El 50% de la capacidad hospitalaria está rezagada frente al crecimiento poblacional, según la Personería Municipal.
La Personería Municipal de Pereira encendió las alarmas. Tras una serie de visitas a centros de salud públicos de la ciudad, el diagnóstico es contundente: el sistema de salud municipal está estancado en un modelo de baja complejidad, sin capacidad para atender a pacientes que requieran tratamientos más avanzados o especializados.
En otras palabras, la ciudad no tiene un hospital público que funcione en un segundo nivel de atención médica, lo que significa que la vida y el bienestar de miles de personas dependen de clínicas privadas, con altos costos y cobertura limitada. En este caso, el Hospital Universitario San Jorge es responsabilidad de la gobernación de Risaralda.
“El municipio tiene una cobertura hospitalaria que apenas alcanza el 50% de lo que debería tener en proporción a su población”, advirtió el personero municipal, Leonardo Fabio Reales Chacón, en entrevista con 360 Noticias.
El servidor público dijo que Pereira necesita, “de manera urgente”, avanzar en la creación de un centro hospitalario público de mediana complejidad.

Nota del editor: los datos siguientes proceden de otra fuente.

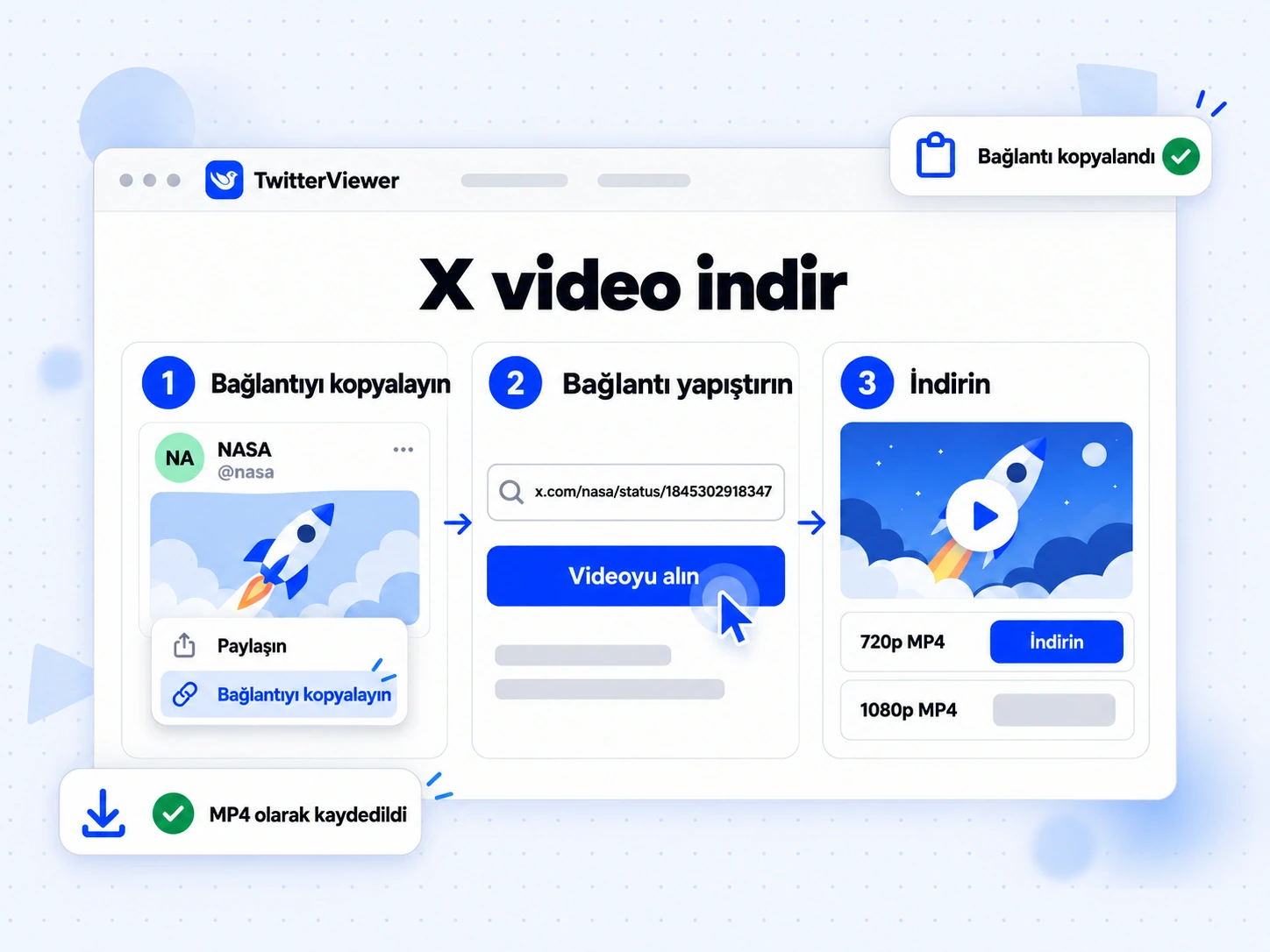 Üç adımda X video indir: gönderi bağlantısını kopyalayın, yapıştırıp Videoyu getir'e basın ve MP4'ü indirin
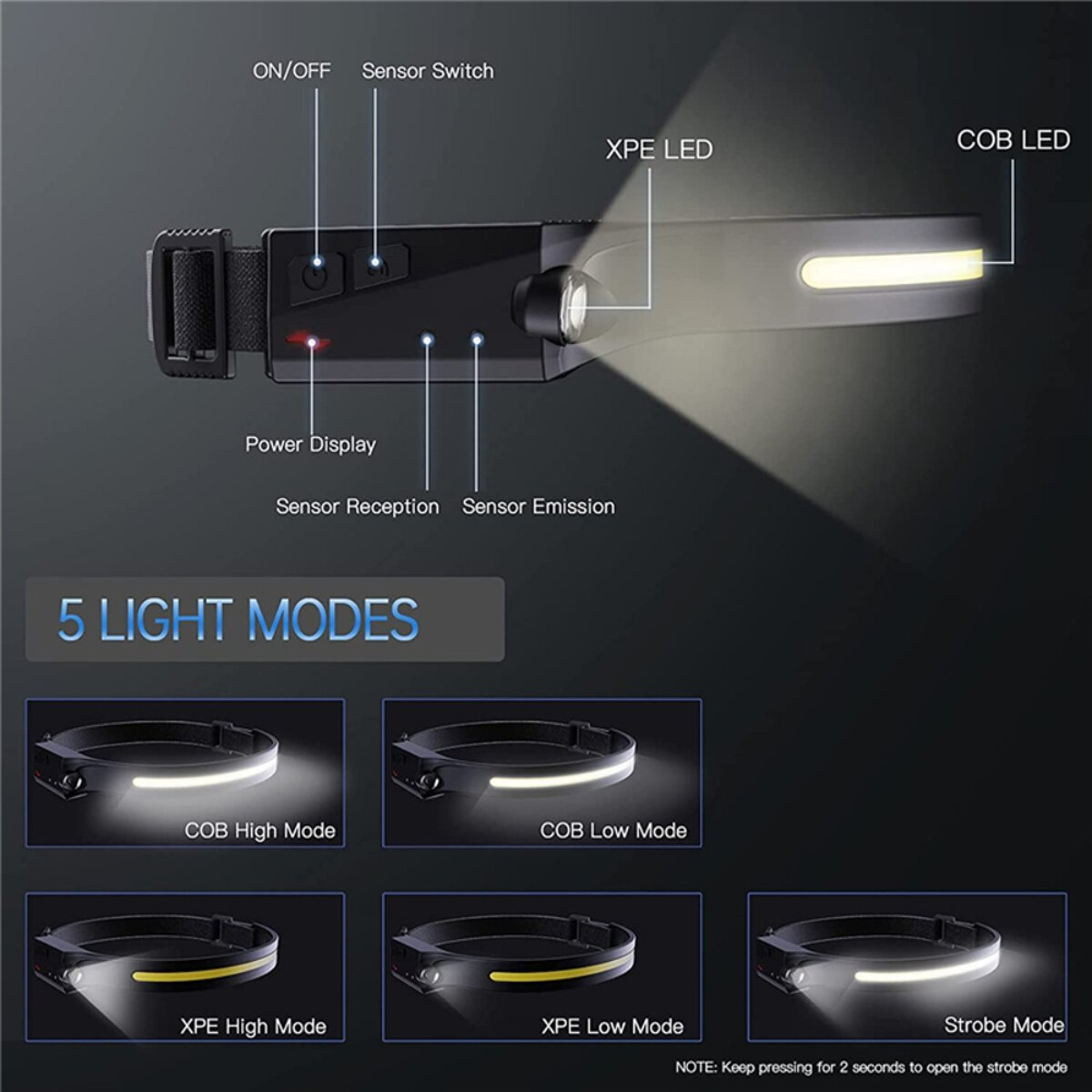 Stirnlampe mit EIN/AUS, Sensor und Anzeige. Zeigt 5 Lichtmodi: COB, XPE, Stroboskop.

Sistema desbordado por la demanda
La Empresa Social del Estado (ESE) Salud Pereira, entidad pública encargada de la prestación de servicios de salud en la capital risaraldense, sólo opera con un modelo de atención primaria.
Es decir, su capacidad se limita a tratar afecciones menores, brindar primeros auxilios, hacer controles básicos de enfermedades comunes y remitir pacientes a clínicas de mayor nivel cuando el caso lo amerita.
Pero ahí está el problema: no existe un hospital público en Pereira que atienda casos de mediana complejidad, lo que deja a la ciudadanía en manos de la red privada, cuyos costos suelen ser inaccesibles para muchos usuarios del régimen subsidiado.
“Esta dependencia de terceros ha generado sobrecostos y disminución en la calidad de la atención. El sistema está diseñado para remitir, no para resolver”, explicó el personero.
A su juicio, hoy, una persona que sufre una enfermedad crónica, que necesita un tratamiento especializado o una cirugía intermedia, no encuentra respuesta en la red pública. Y al no encontrarla,” queda expuesta a barreras administrativas, demoras en la atención o pagos que no puede asumir”.
Costos, barreras y rezago
Uno de los hallazgos más preocupantes de las visitas institucionales realizadas por la Personería tiene que ver con el desfase entre la infraestructura actual y el crecimiento poblacional de Pereira.
Reales aseguró, que la cobertura hospitalaria está por debajo del 50% del estándar ideal, lo que genera saturación de servicios, demoras en las citas, largas esperas para procedimientos y una creciente insatisfacción ciudadana.
A esta deficiencia estructural se suma otro factor crítico: la ausencia de una estrategia de largo plazo para escalar los niveles de complejidad del sistema de salud pública.
“No se está pensando en el segundo nivel de atención como un objetivo del municipio, y eso es grave. No se trata sólo de tener más camas o médicos, sino de ofrecer verdaderamente servicios especializados que respondan a las necesidades actuales de la población”, agregó el personero.
El costo de no actuar
Desde el Ministerio Público aseguran que, mientras Pereira no construya o fortalezca un centro de mediana complejidad administrado por la ESE Salud Pereira, los ciudadanos seguirán siendo remitidos a clínicas privadas, donde deben enfrentarse a trámites, copagos, autorizaciones de EPS, y muchas veces, a la imposibilidad de recibir atención oportuna.
Además, según la Personería, esta intermediación entre lo público y lo privado tiene un alto costo fiscal. “Lo que se paga por esos servicios contratados es mucho más alto que si el municipio pudiera prestar la atención directamente. Es insostenible financieramente”, explicó.
La Personería preparar un informe, pero este es apenas el primer paso. A juicio del Ministerio Público en Pereira, la ciudad debe empezar a diseñar su propio modelo de salud intermedia, con infraestructura, personal y tecnología suficiente para responder a los retos del presente. No hacerlo, asegura, “es condenar a la población a un sistema insuficiente, ineficaz e injusto”.